PORTLAND, Ore. (KOIN) — Despite voicing some concerns the city of Portland was heading down a dangerous financial path, Moody’s confirmed Portland’s Aaa stable bond rating.
“The confirmation of Portland’s Aaa GOULT rating and various related ratings primarily reflects the city’s overall strong credit fundamentals that include its role as a regional center featuring a broad and resilient metro economy,” Moody’s wrote in a report released recently.
“The stable outlook reflects our expectation that recovery for Portland’s economy and tax base will be at least comparable to peers. We anticipate that strong management will act to maintain an adequate financial position at least in line with established operating policies,” the report stated.
A downgrade in bond rating would have made it harder for the city to borrow money. That makes it tougher for the city to build a new bridge or make any other critical investments and that often leads to cities increasing taxes.
Moody’s said Portland’s methods are unusual, but they work — for now.
In April, Moody’s began studying Portland for a possible downgrade in credit rating. In May, the city auditor criticized Mayor Charlie Hales’ decision to eliminate the city’s chief financial officer. In June, a city audit showed that while the city’s financial health is stable, the overall financial position continues to decline.
KOIN 6 News found a city audit released in June that showed for every dollar of property tax collected in 2012, 24 cents is funneled into the fire and police disability and retirement fund. Only 46 cents goes into the general fund.

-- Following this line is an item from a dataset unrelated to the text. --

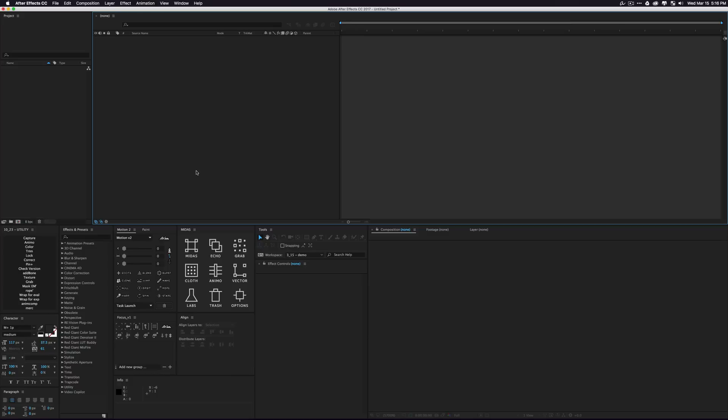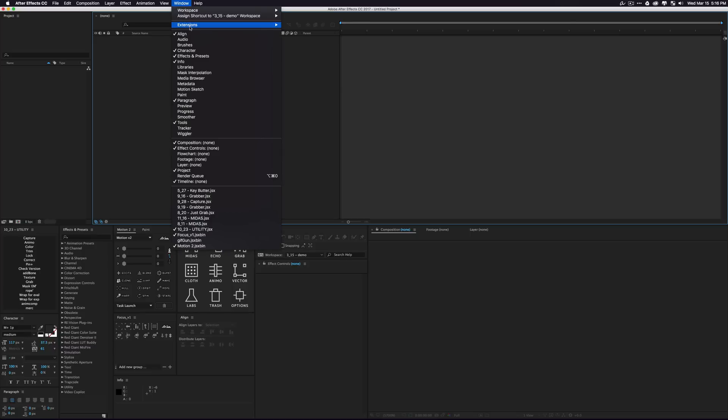Once Midas has been installed, all you have to do is either restart After Effects or open it for the first time. Then go up into your menu bar and under Window Extensions you're going to find Midas in all capitals, so it's going to be super easy to find.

“The city is expected to continue to fully pay annual pension requirements over the medium term, including the ability to levy sufficient and dedicated property taxes to fully cover FPDR’s annual obligations,” Moody’s wrote in the report.
One challenge Moody’s sees is “General fund reserves below average compared to similarly rated peers.” That could move the rating down if there are declines in the general fund reserves.
Portland spokesperson Dana Haynes admitted there were some who were concerned about the report.
“Some of the elected [officials] and some of us staff were sweating it,” he told KOIN 6 News. “Some of the folks in finance were like, ‘We got this one.’ We’re fine. The city is OK.”